The vacuolar proton-ATPase (V-H+-ATPase) is a multi-subunit transporter that is important for energizing a variety of active transport processes in animals (Nelson and Harvey, 1999). V-H+-ATPase is composed of a catalytic V1 domain that binds ATP and a membrane-bound V0 domain that forms a channel for protons to cross the cell or vacuolar membrane (Wieczorek et al., 2000). The B-subunit of the V-H+-ATPase is a component of the V1 domain and the B-subunit amino acid sequence is highly conserved across a wide range of animal taxa (Sudhof et al., 1989; Gill and Ross, 1991; Filippova et al., 1998; Niederstatter and Pelster, 2000; Perry et al., 2000). Two isoforms of the B-subunit have been identified in mammals and fish; using mammalian nomenclature, they are a ubiquitous 58 kDa brain (B2) isoform and a 56 kDa renal (B1) isoform (Nelson et al., 1992; Niederstatter and Pelster, 2000).

V-H+-ATPase has been studied extensively in the mammalian renal collecting duct and turtle urinary bladder where immunocytochemical and ultrastructural research has demonstrated two populations of mitochondrion-rich intercalated cells that acidify or alkalinize the urine. Acidifying (α) intercalated cells are characterized by an apical cell membrane localization of the V-H+-ATPase, whereas alkalinizing (β) intercalated cells express the V-H+-ATPase diffusely throughout their cytoplasm and on their basolateral membrane (Stetson and Steinmetz, 1985; Brown et al., 1988a; Brown et al., 1988b; Verlander et al., 1992; Verlander et al., 1994; Brown and Breton, 1996; Steinmetz et al., 1996; Brown and Breton, 2000). In mammals, this transporter is also important for acidification of the male reproductive tract and bone reabsorption by osteoclasts (Lee et al., 1996; Brown et al., 1997).

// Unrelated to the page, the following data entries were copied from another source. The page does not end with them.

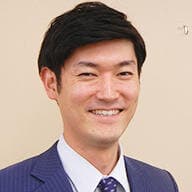 写真：森塾 門前仲町校 井野校長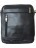 Мужская сумка Carlo Gattini Tanaro 5015-01 Черный - фото №2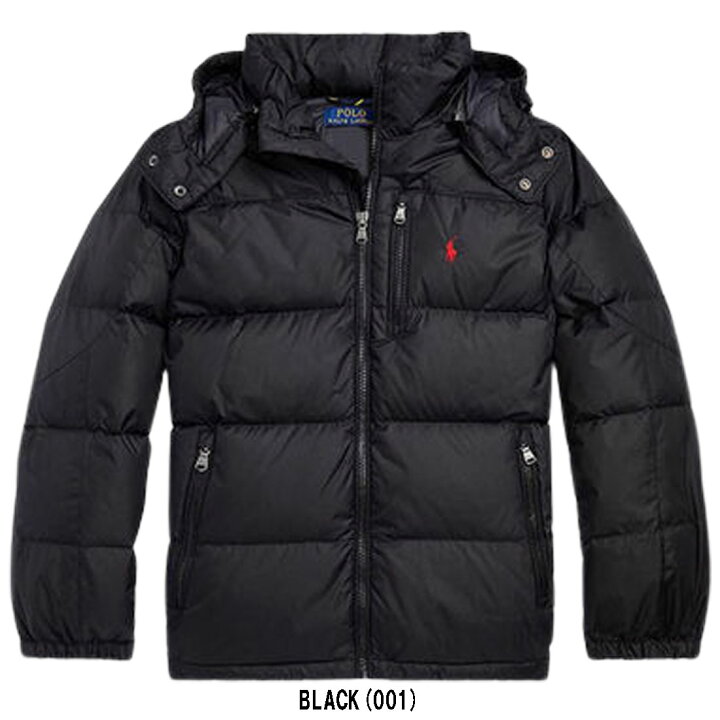 楽天市場】(SALE)POLO RALPH LAUREN(ポロ ラルフローレン)ダウン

In aquatic vertebrates, V-H+-ATPase has been implicated in the energization of NaCl uptake. For example, in frog and toad skin it is well established that an apical V-H+-ATPase, localized to mitochondrion-rich cells, generates a membrane potential (inside negative) that drives Na+ entry into the epithelium via an apical Na+ channel (Harvey, 1992; Ehrenfeld and Klein, 1997), and can energize active Cl uptake through apical Cl/HCO3 exchangers (Larsen et al., 1996). Recently, the V-H+-ATPase has also been considered important for driving Na+ uptake across the gill epithelium of freshwater fishes. Similar to processes in frog skin, it was proposed that an apical V-H+-ATPase would generate a favorable electrical gradient to drive Na+ uptake through an apical Na+ channel (Lin and Randall, 1993; Lin et al., 1994; Sullivan et al., 1995).

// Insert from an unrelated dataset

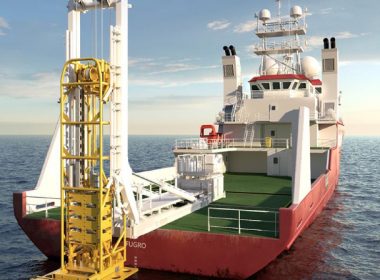 Work Boat World Offshore Projects Roundup – March 30, 2022 - Baird 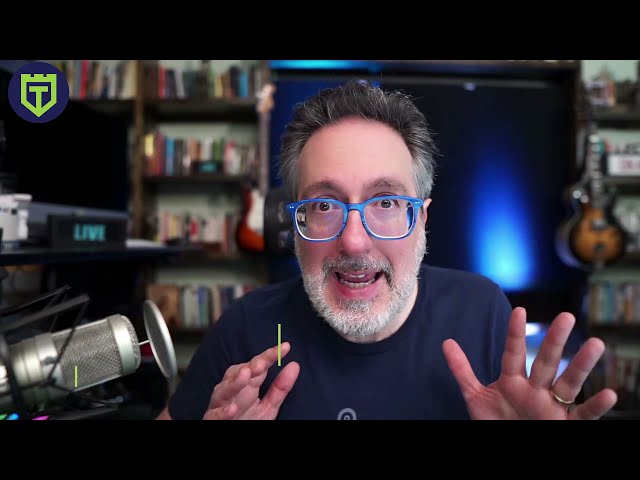 Is the Page Object Model Overrated? TGNS14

This model of ion uptake in freshwater teleosts was supported by the results of Wilson et al. (Wilson et al., 2000), who found colocalization of the V-H+-ATPase with the epithelial Na+ channel (ENaC) on the apical membrane of pavement cells from the leading edge of tilapia gills (Oreochromis mossambicus). In rainbow trout (Oncorhynchus mykiss), V-H+-ATPase and ENaC were expressed in both pavement and chloride (Na+/K+-ATPase-rich) cells (Wilson et al., 2000). Other supporting evidence for the proposed role of V-H+-ATPase in freshwater teleost ion uptake includes bafilomycin inhibition of Na+ uptake in tilapia (O. mossambicus) and carp (Cyprinus carpio) (Fenwick et al., 1999), and decreased activity and localization of branchial V-H+-ATPase when freshwater rainbow trout are acclimated to sea water (Lin and Randall, 1993; Lin et al., 1994).

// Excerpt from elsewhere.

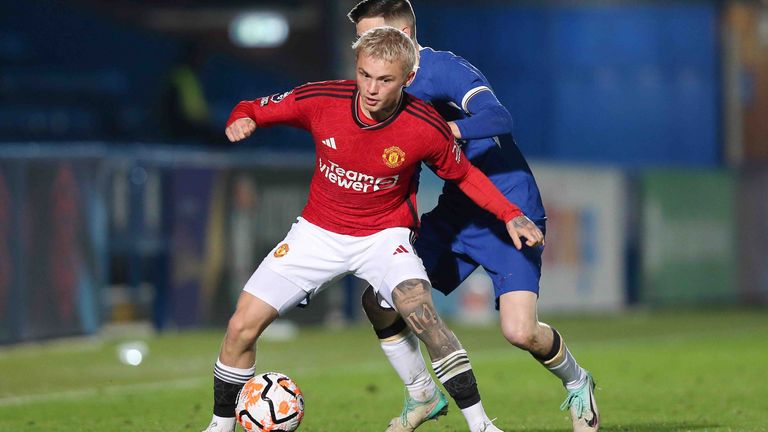 Isak Hansen-Aaroen wechselt in die Bundesliga zu Werder Bremen.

Since an apical V-H+-ATPase in freshwater teleost gills would directly pump protons into the environment, this transporter has also been hypothesized to play an important role in systemic acid–base balance. Experiments on rainbow trout have corroborated this hypothesis by demonstrating that gill V-H+-ATPase activity, immunoreactivity and mRNA expression all increase after exposure to environmental hypercapnia (Lin and Randall, 1993; Lin et al., 1994; Sullivan et al., 1995; Sullivan et al., 1996; Perry et al., 2000). Studies on branchial V-H+-ATPase in a true marine teleost have yet to be published, but the transporter’s role in acid–base regulation of seawater teleosts is assumed to be minimal, given the favorable Na+ gradient for Na+/H+ exchangers (Claiborne, 1998; Claiborne et al., 1999).

V-H+-ATPase has been localized and/or measured in the gills of two marine elasmobranch species, Squalus acanthias and Raja erinacea (Kormanik et al., 1997; Wilson et al., 1997). In S. acanthias, Wilson et al. (Wilson et al., 1997) found V-H+-ATPase immunoreactivity in mitochondrion-rich cells of the gill interlamellar region, presumably within cytoplasmic tubulovesicles. Interestingly, we found that Na+/K+-ATPase was also localized to cells of the interlamellar region in gills from marine Atlantic stingrays (Dasyatis sabina) (Piermarini and Evans, 2000). Therefore, it is possible that V-H+-ATPase and Na+/K+-ATPase colocalize to the same branchial cell type in marine elasmobranchs.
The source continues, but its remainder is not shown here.